Will Lethal Injections Stop Due to Lack of Sodium Thiopental?

The only American manufacturer of a drug widely used in lethal injections for prisoners on death row recently announced it will stop producing sodium thiopental.



Since 1982 the method of execution in Texas has been lethal injection, consisting of three drugs administered in lethal doses.
The first prevents pain...its followed by a muscle relaxer, then a drug that stops the heart.



"One of those drugs is sodium thiopental and that is the drug that was recently announced that would not be manufactured any longer," Michelle Lyons, the public information officer for the Texas Department of Criminal Justice said.
Hospira Inc. temporarily halted production last year, and planned to start again this winter at a plant in Italy, but Italian authorities are not allowing exportation of the drug for the use of capital punishment.
Lyons said, "We do currently have enough sodium thiopental on hand to carry out the two executions that have been scheduled for the month of February."

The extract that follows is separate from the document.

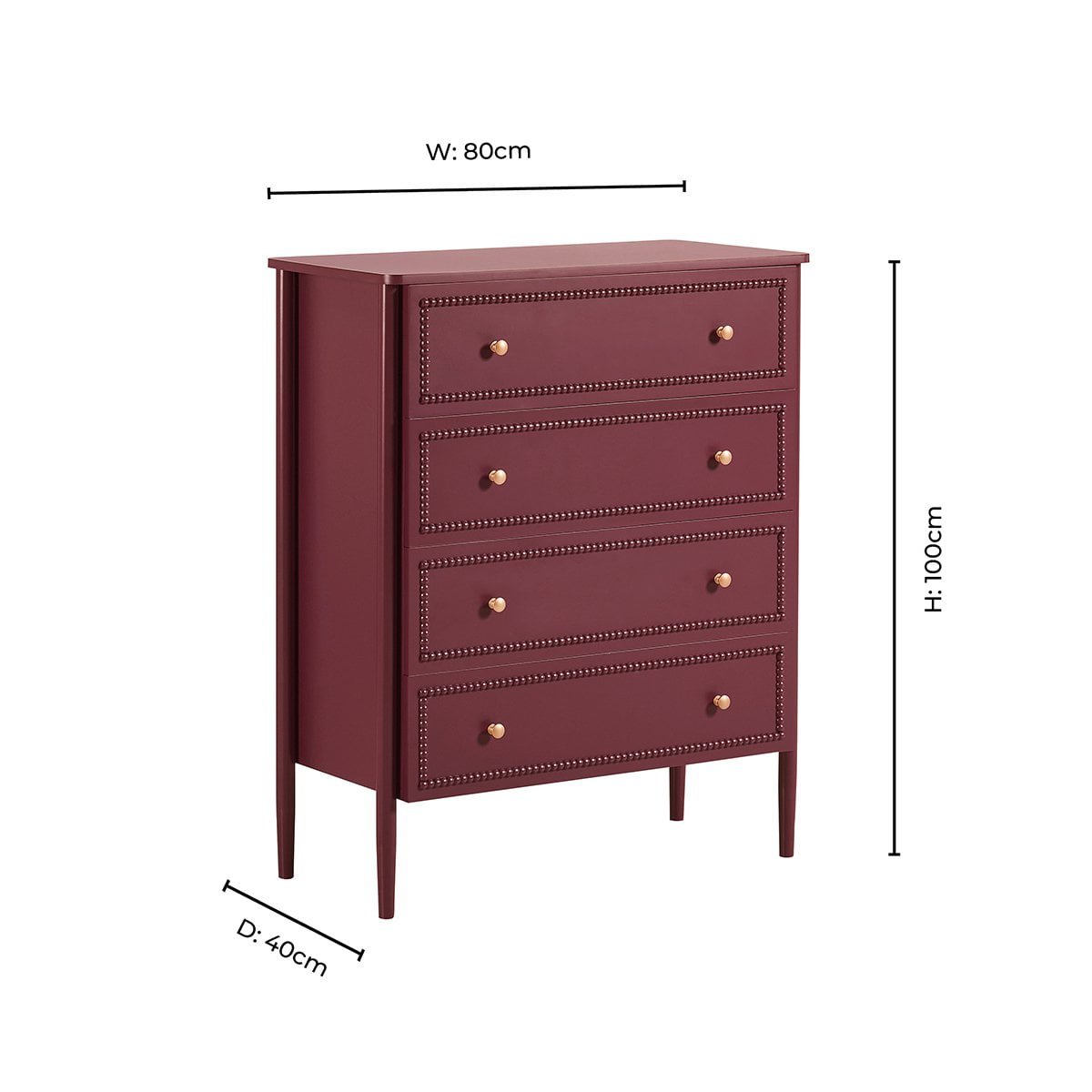 Posy Bobbin 4 Drawer Chest - Wine - DUSK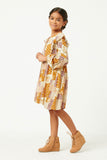 GY5058 MUSTARD Girls Patch Print Ruffled Shoulder Tie Neck Long Sleeve Dress Side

The anesthetic is used by 34 of the 35 states that use lethal injection to carry out the death penalty.
The Texas Department of Criminal Justice, or TDCJ, carries out more executions than any other state.

"We'll certainly be looking at the drugs that other states have used successfully in their process," Lyons said.
District courts set execution dates across the state.

The TDCJ still has two more executions this year, but their supply of the drug expires in March.

Lyons said, "We have an execution scheduled in May, so we will make every attempt to have another drug in place so we can carry out that execution as we've been ordered."


If time runs out before they can find an alternative, those execution dates will be pushed back.
17 Death Row inmates were executed last year in 2010.

The Huntsville Unit is the only place in Texas where executions can take place, and only by lethal injection.